Salesforce Exec: ‘Potential is Enormous’ for Machine Learning in CRM

When it comes to machine learning (ML) as it applies to customer relationship management (CRM), we’re still “in the first inning,” but “the potential is enormous,” according to Mike Rosenbaum, EVP of product at Salesforce.

“There’s two things that I would say are helping us drive continued growth in Sales Cloud,” he said July 10 at an investor meeting in San Francisco hosted by RBC Capital Markets.

“Number one is this idea that – and this started a few years ago really – where you don’t want to think about Sales Cloud as just an application,” but something that “really becomes a platform around which you run sales-related business processes at a company,” he said.

The “most obvious example of that is CPQ,” he said, referring to the configure-price-quote functionality that it obtained in late 2015 through the acquisition of SteelBrick.

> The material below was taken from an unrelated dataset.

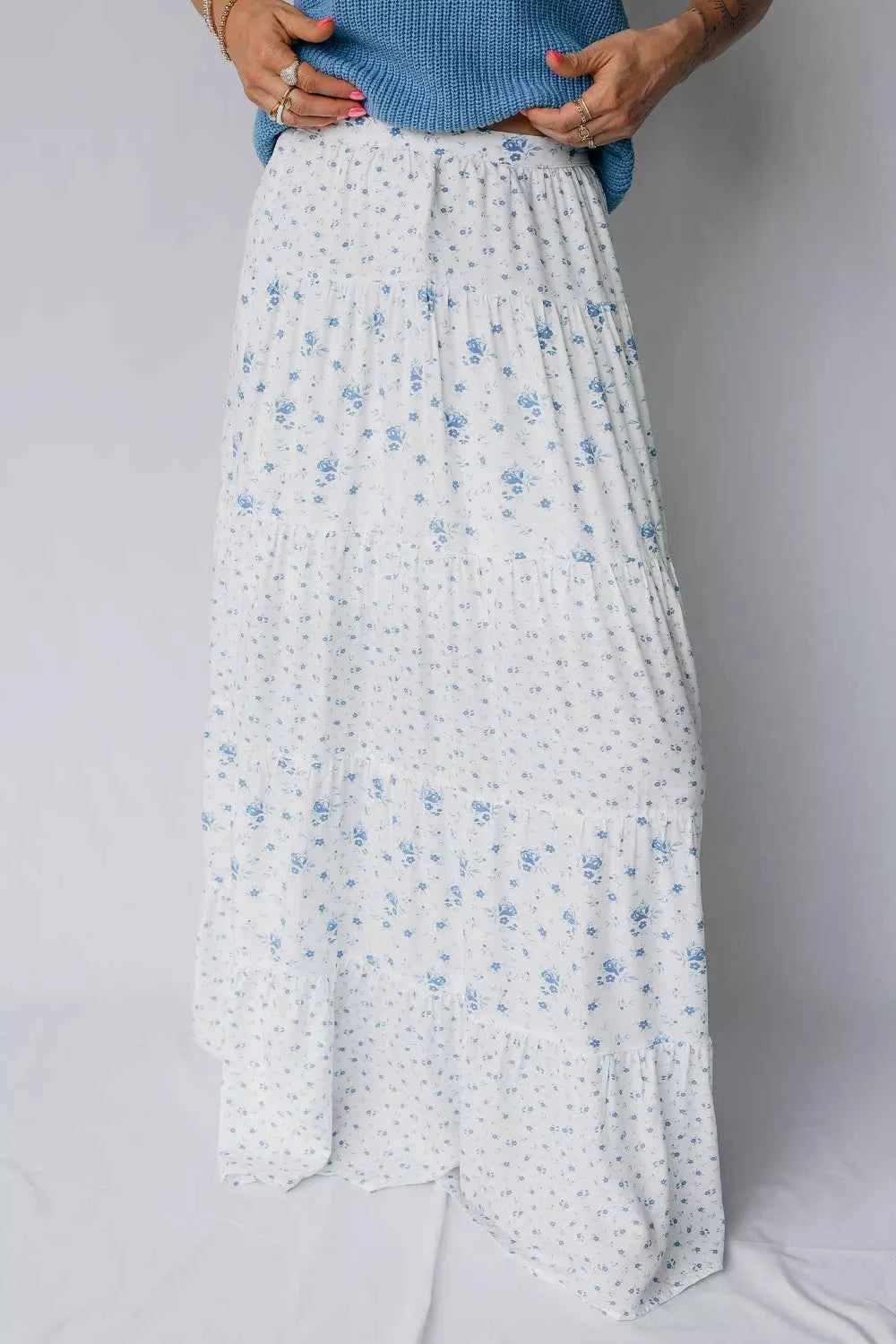 Nederdel dame lang blomstret maxinederdel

CPQ enables companies to provide customized price quotes to each of their customers.

He added: “I really see a day when 100 percent of Salesforce customers could be using CPQ. And that creates the potential not just to continue to grow Sales Cloud, but I think really to grow the whole category and really just continually think about all the business processes that are related to selling and how Salesforce becomes a platform around which you just more efficiently run those business processes. And so, continuing to add applications to that portfolio that are well-integrated to Sales Cloud is just a super way for us to continue to grow our market share in that category.”

But he said, “the more interesting — the more exciting maybe — I’d say product-related initiative is about” Salesforce Einstein artificial intelligence (AI) and ML as it applies to selling.” Because of Einstein, “I really think that we are on the cusp of a very revolutionary change in how Sales Cloud works,” he said.
Before Einstein, salespeople were always asked to enter sales info for Salesforce to gain insights and help companies sell more effectively, he noted. But the addition of ML enhances the quality and usefulness of the data and “will become the primary value that an organization gets from Salesforce automation,” he predicted.

He added that, “for someone like me, [it’s] somewhat magical when you see a machine learning-derived forecast automatically applied to a company’s Sales Cloud implementation, and we are now automatically creating models on behalf of customers that score each and every opportunity and give sales managers and salespeople insights that they just didn’t have before” Einstein.

“The technical breakthrough here is that the machine is developing the algorithm that’s used to do the forecast, or that’s used to do the score, or that’s used to predict the right leads to follow up with – that it’s not a person,” he said.

Salesforce has “democratized” AI and ML for its customer base, he went on to say. After all, he explained: “Every company in the world can not afford to hire a team of data scientists that have the skills, the expertise and the experience to build machine learning models on top of the way they use Salesforce. Some companies can do that — and we encourage them to and we work very closely with them to help them do that and we love that…. But each and every one of our customers can’t afford to do that.”

And that, he said, is “why Einstein is such a powerful idea.” Salesforce “can do what the top companies in the world can afford to do [but] we can do it for everyone. And we can do it automatically and we can do it efficiently,” he noted.

Asked if there are any hurdles to customers adopting Einstein, he said: “To some extent, there is a small amount of work, I think…. A customer has to use Salesforce in a way that aligns well with how we built Einstein to ingest the data. It gets back to the question of the more data that you’re entering into the system, the better the models can be that we generate. So, for something simple like lead scoring, we can score leads but we need the customer to have at least a thousand leads in the system with outcomes that we can use to build the model … . So, I think that’s partially like a little bit of a business process evolution that needs to take place.”